Directors can take dividends if the company is profitable enough to allow for them and the company is solvent. A company is solvent when: 

  • It can repay its liabilities as and when they fall due. 
  • Its assets exceed its liabilities.  
  • There is no legal action filed against it. 

If a dividend is taken outside these parameters, it could be considered unlawful. This can also happen if the company’s profits have been miscalculated, records of board meetings are incomplete or poorly kept, or the company has insufficient profits to justify a director taking a dividend. 

An unlawful dividend could result in directors being personally liable if they’re found to have breached their duties, and the recipient may have to repay the dividend. 

Creditor preference and who gets paid first

If your company’s cash flow starts to slide into the red, it can be tempting to repay what you deem its most important bills first. However, if the company is insolvent, repaying any creditor before others can lead to accusations of creditor preference.

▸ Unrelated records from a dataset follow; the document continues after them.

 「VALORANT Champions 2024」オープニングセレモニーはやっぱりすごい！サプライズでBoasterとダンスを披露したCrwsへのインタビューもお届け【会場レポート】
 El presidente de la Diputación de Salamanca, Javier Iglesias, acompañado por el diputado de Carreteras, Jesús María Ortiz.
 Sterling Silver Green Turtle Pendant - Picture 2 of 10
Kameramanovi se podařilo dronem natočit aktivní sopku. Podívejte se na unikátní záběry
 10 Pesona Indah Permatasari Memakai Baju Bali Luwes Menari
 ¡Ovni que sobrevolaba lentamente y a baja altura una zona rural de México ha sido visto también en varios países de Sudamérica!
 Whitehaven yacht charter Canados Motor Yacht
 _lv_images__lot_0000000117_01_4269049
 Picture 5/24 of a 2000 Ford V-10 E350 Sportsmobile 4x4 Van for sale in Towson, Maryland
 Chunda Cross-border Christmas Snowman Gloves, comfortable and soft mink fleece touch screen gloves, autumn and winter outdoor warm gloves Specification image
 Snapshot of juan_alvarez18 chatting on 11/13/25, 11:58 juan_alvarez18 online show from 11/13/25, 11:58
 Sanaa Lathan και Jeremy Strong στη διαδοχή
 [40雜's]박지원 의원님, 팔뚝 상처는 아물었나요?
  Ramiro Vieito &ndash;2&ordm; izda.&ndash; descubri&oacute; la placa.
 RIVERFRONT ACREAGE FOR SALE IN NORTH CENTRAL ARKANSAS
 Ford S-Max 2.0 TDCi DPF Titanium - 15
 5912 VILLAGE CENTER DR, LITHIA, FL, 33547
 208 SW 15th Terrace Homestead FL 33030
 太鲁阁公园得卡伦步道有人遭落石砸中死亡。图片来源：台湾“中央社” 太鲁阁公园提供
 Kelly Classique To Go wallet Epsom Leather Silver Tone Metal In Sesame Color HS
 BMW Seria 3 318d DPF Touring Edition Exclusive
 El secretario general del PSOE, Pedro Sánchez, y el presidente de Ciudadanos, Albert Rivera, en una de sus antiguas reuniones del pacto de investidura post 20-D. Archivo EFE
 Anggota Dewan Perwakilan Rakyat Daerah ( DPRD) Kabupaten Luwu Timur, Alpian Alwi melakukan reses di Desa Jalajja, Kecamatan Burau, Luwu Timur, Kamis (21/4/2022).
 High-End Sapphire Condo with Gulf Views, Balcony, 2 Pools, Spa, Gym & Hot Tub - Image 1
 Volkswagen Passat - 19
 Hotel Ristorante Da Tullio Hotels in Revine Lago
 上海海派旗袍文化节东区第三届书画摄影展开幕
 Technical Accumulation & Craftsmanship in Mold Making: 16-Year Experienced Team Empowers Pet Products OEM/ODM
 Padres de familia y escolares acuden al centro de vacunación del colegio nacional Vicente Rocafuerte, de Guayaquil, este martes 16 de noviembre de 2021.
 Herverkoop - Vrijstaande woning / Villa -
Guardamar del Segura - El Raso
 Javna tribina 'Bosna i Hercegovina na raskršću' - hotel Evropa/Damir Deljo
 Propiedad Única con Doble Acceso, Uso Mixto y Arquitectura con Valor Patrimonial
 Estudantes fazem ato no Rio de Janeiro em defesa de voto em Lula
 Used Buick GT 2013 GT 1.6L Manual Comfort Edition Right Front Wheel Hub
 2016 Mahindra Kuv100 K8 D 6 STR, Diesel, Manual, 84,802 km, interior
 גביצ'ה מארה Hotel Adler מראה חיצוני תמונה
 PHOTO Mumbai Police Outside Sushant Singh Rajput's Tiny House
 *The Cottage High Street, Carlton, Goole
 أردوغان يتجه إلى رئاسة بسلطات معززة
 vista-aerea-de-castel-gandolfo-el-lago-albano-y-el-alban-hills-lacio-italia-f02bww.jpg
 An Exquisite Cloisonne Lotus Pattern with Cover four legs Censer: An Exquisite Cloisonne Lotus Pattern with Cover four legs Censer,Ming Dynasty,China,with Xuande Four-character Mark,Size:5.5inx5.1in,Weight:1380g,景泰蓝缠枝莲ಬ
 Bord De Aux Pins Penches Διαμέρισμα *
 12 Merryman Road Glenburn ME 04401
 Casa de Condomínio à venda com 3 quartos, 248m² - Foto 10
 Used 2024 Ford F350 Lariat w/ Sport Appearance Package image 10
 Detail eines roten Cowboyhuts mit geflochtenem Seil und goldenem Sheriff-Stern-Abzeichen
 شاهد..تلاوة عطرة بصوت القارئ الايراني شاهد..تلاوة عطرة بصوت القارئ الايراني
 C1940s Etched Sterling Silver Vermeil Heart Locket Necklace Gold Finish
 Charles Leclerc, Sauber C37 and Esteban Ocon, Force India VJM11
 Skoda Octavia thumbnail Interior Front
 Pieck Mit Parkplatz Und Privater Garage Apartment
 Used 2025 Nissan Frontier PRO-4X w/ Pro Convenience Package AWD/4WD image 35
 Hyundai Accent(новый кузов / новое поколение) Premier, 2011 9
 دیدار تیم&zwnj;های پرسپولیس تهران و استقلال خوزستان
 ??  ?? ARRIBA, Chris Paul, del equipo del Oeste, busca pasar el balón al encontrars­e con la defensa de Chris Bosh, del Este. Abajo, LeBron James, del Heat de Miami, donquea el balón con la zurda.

This is because you’ve prioritized one creditor over another, where they should have been treated equally as per the repayment hierarchy. Repaying outside of this structure could potentially worsen the company’s position. 

Can the company’s creditors intervene? 

The company’s creditors can pursue the company for what it owes. 

While creditor pressure is unpleasant, directors shouldn’t ignore it. What starts as postal, telephone, and email reminders can soon escalate to visits from debt collectors. Left unchecked, this could escalate further into legal action, including Statutory Demands and County Court Judgements (CCJs). 

If you continue to ignore these, and you owe a creditor more than £750, they can file a winding-up petition. The company’s bank accounts will be frozen, making trading impossible and forcing the company into compulsory liquidation. 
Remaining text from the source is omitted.